LAST November the Society of St Vincent de Paul (SVP) predicted that they would receive about 50,000 calls for help over the winter months.
SVP National President Kieran Stafford now says this will be exceeded in the New Year as the Society has already received almost that number in November and December.
Based on greater than anticipated calls in the lead up to Christmas, the SVP expects no slowdown in the calls for help it will receive in 2019. Calls for help to the Society are now over 130,000 a year – about 11 per cent more than five years ago.
Help with the costs of food, fuel, education and utility bills remain the highest number of requests from families struggling on inadequate incomes.
“We are also increasingly receiving calls for help from people unable to meet growing costs of private rental accommodation and being forced to make choices about the use of scarce income,” Mr Stafford explained.
“The improvement in our economy is very welcome but it has not improved conditions for everyone. Our 11,500 members in every county in Ireland who visit families in their homes see the stark reality behind the statistics for thousands.”
Mr Stafford also said that people who struggle to make ends meet week in and week out are often chastised for their circumstances, particularly if they are homeless or out of work through no fault of their own.
“We are a generous people, the support that SVP and many charities receive shows that. But often those who ask for help are viewed as somehow the cause of their own misfortune.
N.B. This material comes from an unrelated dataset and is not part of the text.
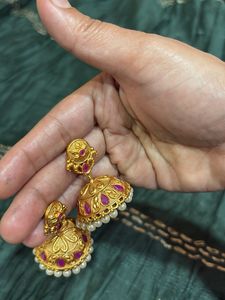 Gold Jhumka Earrings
Those who struggle to avoid or escape poverty deserve our support and empathy,” he added.
This year is the 175th anniversary of the foundation of SVP in Ireland. During that time it has provided help and support to those most in need through the Famine in the 19th century, two World Wars, an Uprising, a Civil War and cycles of economic austerity.
In addition to providing direct assistance to those in need, SVP manages 10 hostels providing emergency beds, provides almost 1,000 units of social housing, operates five-holiday homes, seven Resource Centres, four prison visitor centres, 224 charity shops and other social support activities. It also has an active Young SVP programme in schools and third level colleges and universities.
“The support and help we provide, financial, practical and emotional may not be exactly what Blessed Frederick Ozanam had in mind in Paris in 1833 but the spirit that drove him and his friends to serve those in need is exactly the same as that which drives our members and volunteers in Ireland today,” Mr Stafford concluded.